Abstract

Dear Editor,
We would like to express our gratitude to the author for his interest in our scientific work 1 and his thorough review. In the following, we address the points of criticism mentioned.
Indeed, the current study was designed to be prospective and observational, as was our previously published study on the (missing) consequences of post-COVID-19: coronavirus disease (COVID) on the nervous system. 2 Also, both studies were assigned the same local ethics committee registration number (20-9284-BO, 20-9307-BO). It is common practice in Germany to conduct different sub-studies on the same topic, that is, clinical outcomes versus biomarker studies, under one ethics application.

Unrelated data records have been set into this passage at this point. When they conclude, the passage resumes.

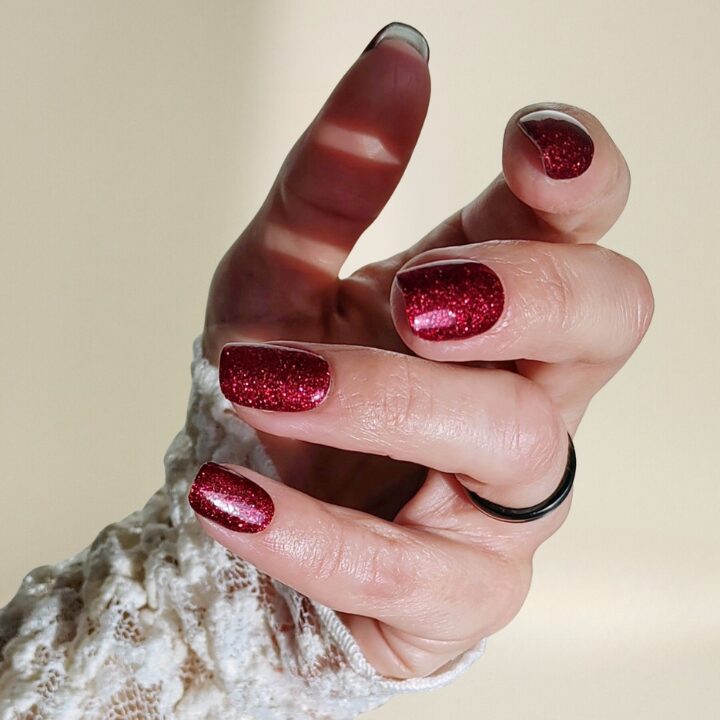 merry-red-glitter-manifix-hand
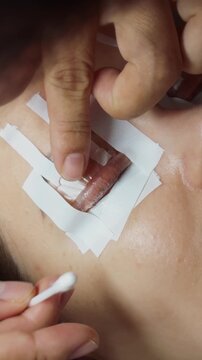 Woman undergoing an eyelash perm at a salon, receiving professional beauty care as an aesthetician applies solution to curl and lift natural lashes onto a silicone pad, enhancing eye appearance
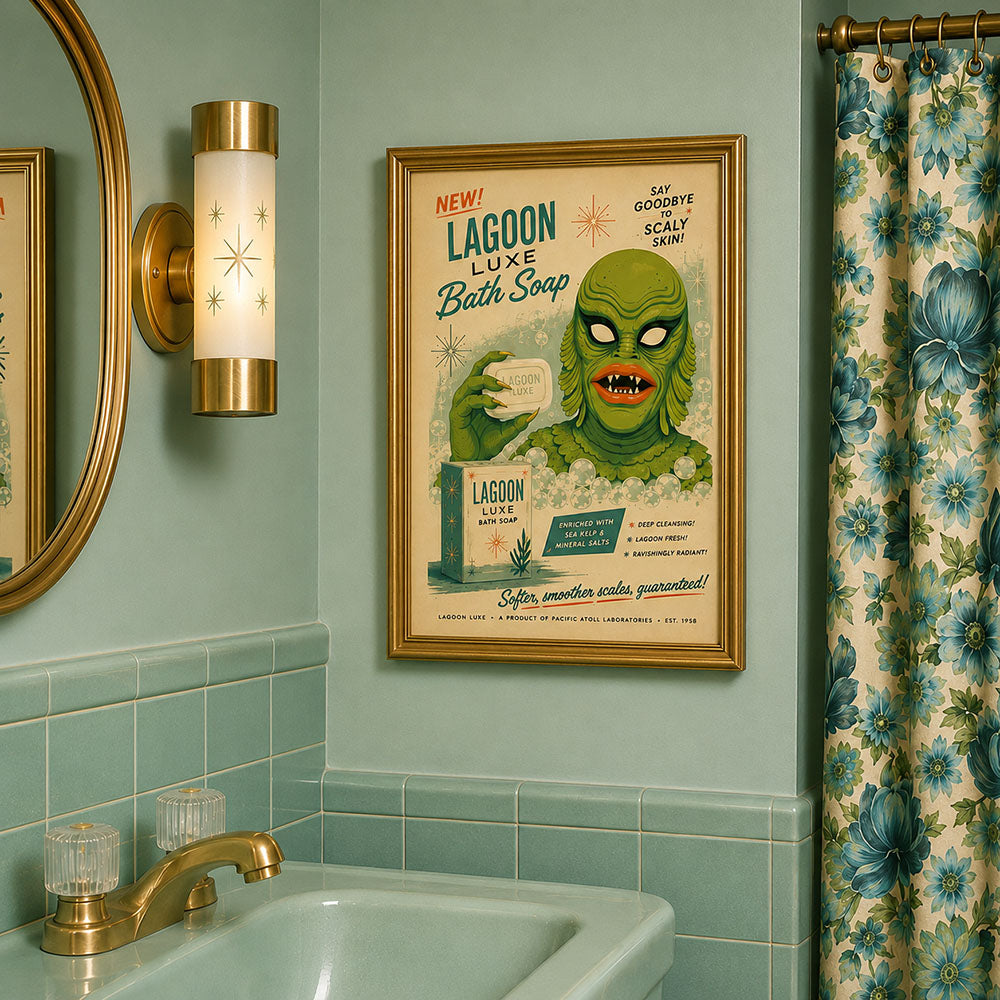 Gold-framed Lagoon Luxe bath soap art print on bathroom wall with green monster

The author further criticizes that the study was not deposited in a registry for clinical studies and claimed that Strengthening the reporting of observational studies in epidemiology (STROBE) guidelines have not been considered. However, preregistration of such studies is neither mandatory nor does the publishing journal demand such preregistrations. In fact, the vast majority of observational studies are not preregistered. The STROBE guidelines were created to aid authors in presenting their work and not to act as a validation tool or as a framework for the design of observational studies. The core elements proposed in the STROBE guidelines, such as a transparent and easily accessible presentation of the objectives and findings, are obviously present in our work; likewise, we have clearly stated the limitations of our study findings in the manuscript.
Regarding the author’s criticism on the lack of sample size calculations, we want to emphasize that all available patients who met the enrolment criteria were recruited into the study as stated in the Materials and Methods section. The ratio between individuals with ongoing post-acute sequelae of severe acute respiratory syndrome coronavirus 2 (SARS-CoV-2) infection (PASC) and controls that never had a SARS-CoV-2 infection or never developed PASC was similar to that reported by Klein et al. 3 Of note, we in the meantime have analysed cortisol and cytokines levels in a considerable number of additional patients suffering from post-COVID in our large outpatient centre and were unable to find any abnormalities.
Furthermore, the author calls into question the prospective nature of our study as well as the original study objectives. Indeed, the study started to recruit patients in early 2021. As some of the symptoms reported by the patients suggested the relevance of soluble immune mediators or an endocrinological deficit (e.g. fatigue, cognitive deficits) as the underlying cause, we determined these parameters already at an early stage and collected blood samples as part of the study. Later on, only data sets from post-COVID patients who met the World Health Organization (WHO) Delphi consensus criteria were analysed and included into the present study.
Regarding the statistical analysis, we agree that with F tests in multiple comparisons, such as Kruskal–Wallis–ANOVA, the post hoc test is not required when the initial test does not show any significant difference between multiple groups. We follow a routine procedure when analyzing data to test for normal distribution in a data set in our lab, even if reporting is not strictly required. Of note, we also analyzed the data using the more robust multiple comparison tests for unequal variances, such as Welch’s ANOVA, which led to similar results. Moreover, we also applied Kruskal–Wallis–ANOVA after removing outliers; however, no significant difference was found. Hence, regardless of the statistical approach applied, the key results remained unchanged, and we could not find any relevant differences in cytokine or cortisol levels between the groups. In summary, we applied a rigorous study design including utilization of the same testing kits as in the reference studies3,4 in four well-defined patient groups to minimize bias and to exclude that our conclusions are based on false-negative results.
Taken together, our study demonstrated that neither serum levels of Interleukin-1 beta (IL-1β), Interleukin-6 (IL-6), and Tumor necrosis factor alpha (TNFα), nor cortisol are suitable biomarkers to identify patients with PASC. Interestingly, these ‘negative’ findings have recently been confirmed by other groups5–7 underlining the urgent need of independent replication of results in post-COVID research. Given the lack of valid biomarkers and relevant organ damage,2,5,8,9 the conclusion that PASC might represent a primarily psychosomatic or functional disorder is, therefore, reasonable and appropriate.